While such a land bridge has long been a concern of many Western and Israeli officials, some aren’t convinced of its importance.

“The land bridge may bring in threatening stuff, but it’s either headed for a military facility in Syria or bound for a key route into Lebanon,” one security analyst who watches Syria said. “Either way, the Israel Defense Forces can still target the nodes and pipeline Iran uses.”

The Israeli strikes on Iranian positions are part of a two-pronged approach from Israeli Prime Minister Benjamin Netanyahu, who is also flexing political muscle to stymie Iran. Last week, ahead of Monday’s U.S.-Russia summit, he visited Mr. Putin in Moscow in a bid to enlist his help in pushing Iranian-backed forces further away from the Israel’s northern border.

Mr. Netanyahu also discussed Syria with Mr. Trump on Saturday, he said, adding that the president pledged U.S. support to protect Israel’s security interests.

Israeli leaders, however, know that a full withdrawal of Iranian forces from Syria is unrealistic and that Russia’s leverage over Iran is limited, analysts say.

“Russia doesn’t have the inclination or the ability to get Iran out of Syria. It doesn’t want to put more boots on the ground and it needs Iranian forces on the ground to win the war,” said Dmitri Trenin, director of the Moscow Carnegie Center, an independent think tank. “What is being discussed are the parameters of Iranian presence.”

Russia’s ministry of defense didn’t immediately respond to a request for comment.

After the meeting with Mr. Putin, Mr. Netanyahu told reporters Russia had pushed Iran-allied forces “tens of kilometers” away from the Israel-Syria border, according to Haaretz, an Israeli newspaper.

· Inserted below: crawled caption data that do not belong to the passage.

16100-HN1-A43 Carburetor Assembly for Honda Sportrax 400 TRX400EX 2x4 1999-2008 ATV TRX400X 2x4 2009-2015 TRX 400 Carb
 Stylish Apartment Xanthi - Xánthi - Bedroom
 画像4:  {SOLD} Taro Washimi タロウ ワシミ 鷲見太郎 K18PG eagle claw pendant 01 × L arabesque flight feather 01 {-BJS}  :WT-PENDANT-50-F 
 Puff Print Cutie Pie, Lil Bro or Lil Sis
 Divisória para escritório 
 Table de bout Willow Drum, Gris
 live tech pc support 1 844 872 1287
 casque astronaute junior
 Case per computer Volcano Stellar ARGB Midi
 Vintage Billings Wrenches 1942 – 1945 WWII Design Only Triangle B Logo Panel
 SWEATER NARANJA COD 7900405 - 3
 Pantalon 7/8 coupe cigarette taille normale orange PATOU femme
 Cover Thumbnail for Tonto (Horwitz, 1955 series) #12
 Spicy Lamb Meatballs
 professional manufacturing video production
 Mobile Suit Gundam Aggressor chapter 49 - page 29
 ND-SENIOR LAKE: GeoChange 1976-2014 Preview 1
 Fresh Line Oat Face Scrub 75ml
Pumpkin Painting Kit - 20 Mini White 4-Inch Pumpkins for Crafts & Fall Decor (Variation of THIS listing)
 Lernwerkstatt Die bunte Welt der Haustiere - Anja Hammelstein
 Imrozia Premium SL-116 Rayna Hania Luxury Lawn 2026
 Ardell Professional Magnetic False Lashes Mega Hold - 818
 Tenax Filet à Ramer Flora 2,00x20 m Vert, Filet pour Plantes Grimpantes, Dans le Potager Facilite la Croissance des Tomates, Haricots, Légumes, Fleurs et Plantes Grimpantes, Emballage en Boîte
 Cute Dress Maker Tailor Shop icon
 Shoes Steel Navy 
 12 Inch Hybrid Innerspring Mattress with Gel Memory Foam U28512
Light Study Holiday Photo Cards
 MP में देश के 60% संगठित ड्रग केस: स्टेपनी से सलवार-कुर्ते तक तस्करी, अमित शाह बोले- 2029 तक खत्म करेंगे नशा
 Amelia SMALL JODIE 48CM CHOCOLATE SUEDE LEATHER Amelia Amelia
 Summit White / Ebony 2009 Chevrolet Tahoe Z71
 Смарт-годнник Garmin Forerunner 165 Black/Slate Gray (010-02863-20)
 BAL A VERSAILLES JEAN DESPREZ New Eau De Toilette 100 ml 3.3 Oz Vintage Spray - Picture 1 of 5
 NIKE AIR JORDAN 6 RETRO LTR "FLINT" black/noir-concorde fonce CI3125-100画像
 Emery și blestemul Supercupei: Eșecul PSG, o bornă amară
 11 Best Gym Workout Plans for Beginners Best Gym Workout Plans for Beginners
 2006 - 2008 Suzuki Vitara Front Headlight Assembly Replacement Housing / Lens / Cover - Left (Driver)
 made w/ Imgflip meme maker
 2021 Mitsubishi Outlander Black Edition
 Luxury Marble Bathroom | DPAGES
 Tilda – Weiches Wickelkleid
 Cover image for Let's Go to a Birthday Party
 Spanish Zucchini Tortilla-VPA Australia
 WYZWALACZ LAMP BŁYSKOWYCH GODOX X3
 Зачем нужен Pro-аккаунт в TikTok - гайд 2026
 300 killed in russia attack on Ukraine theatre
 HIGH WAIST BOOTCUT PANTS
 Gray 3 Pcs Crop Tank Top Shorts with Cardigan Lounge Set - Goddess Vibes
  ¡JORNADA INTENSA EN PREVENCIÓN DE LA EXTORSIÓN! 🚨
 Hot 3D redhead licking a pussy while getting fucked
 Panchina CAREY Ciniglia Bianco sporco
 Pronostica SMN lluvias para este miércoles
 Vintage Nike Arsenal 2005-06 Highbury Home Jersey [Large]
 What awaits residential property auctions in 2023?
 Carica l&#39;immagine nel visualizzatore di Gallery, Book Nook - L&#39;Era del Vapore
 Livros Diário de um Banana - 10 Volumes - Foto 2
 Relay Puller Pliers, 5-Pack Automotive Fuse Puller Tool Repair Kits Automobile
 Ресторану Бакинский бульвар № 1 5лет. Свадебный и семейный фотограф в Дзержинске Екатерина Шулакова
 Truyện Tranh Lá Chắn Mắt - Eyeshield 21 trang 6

Iran is diplomatically isolated after seven years of supporting Mr. Assad’s atrocities and amid the meltdown of the Iran nuclear accord after the U.S. pulled out of it, said Meir Javedanfar, an Iranian-born analyst at the Interdisciplinary Center in Herzliya, Israel.

“Nobody is stopping Israel. Nobody is coming to Iran’s help. Iran is very diplomatically vulnerable,” Mr. Javedanfar said. “You don’t see a single Arab country denouncing Israeli airstrikes.”

But Iranian leaders have repeatedly refused to heed to U.S. or Israeli threats, and maintain Iran is only in Syria and Iraq at the invitation of the respective governments.

“When they say they no longer need our military advisers, Iran will not hesitate to leave,” Ali Akbar Velayati, a senior adviser to Iran’s Supreme Leader Ayatollah Ali Khamenei, said Friday in Moscow after meeting Mr. Putin.